## Task objective
Which lines to output? The line containing "Whether you're new" and every line after it in the data below, each copied exactly.

## Dataset section
BEGIN
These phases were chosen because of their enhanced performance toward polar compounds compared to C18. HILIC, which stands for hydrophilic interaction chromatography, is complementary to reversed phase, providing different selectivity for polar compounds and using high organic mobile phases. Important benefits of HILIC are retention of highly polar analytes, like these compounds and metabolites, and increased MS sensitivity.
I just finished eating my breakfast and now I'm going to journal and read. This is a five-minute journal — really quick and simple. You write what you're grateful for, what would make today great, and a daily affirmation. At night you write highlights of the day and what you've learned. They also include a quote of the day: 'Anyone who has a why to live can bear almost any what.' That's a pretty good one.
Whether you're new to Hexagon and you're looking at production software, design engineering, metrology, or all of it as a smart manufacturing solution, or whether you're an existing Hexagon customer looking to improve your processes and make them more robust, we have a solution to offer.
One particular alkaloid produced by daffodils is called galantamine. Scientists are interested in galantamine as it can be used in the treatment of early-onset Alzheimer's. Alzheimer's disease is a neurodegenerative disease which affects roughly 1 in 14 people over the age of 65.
END
## Output below
Whether you're new to Hexagon and you're looking at production software, design engineering, metrology, or all of it as a smart manufacturing solution, or whether you're an existing Hexagon customer looking to improve your processes and make them more robust, we have a solution to offer.
One particular alkaloid produced by daffodils is called galantamine. Scientists are interested in galantamine as it can be used in the treatment of early-onset Alzheimer's. Alzheimer's disease is a neurodegenerative disease which affects roughly 1 in 14 people over the age of 65.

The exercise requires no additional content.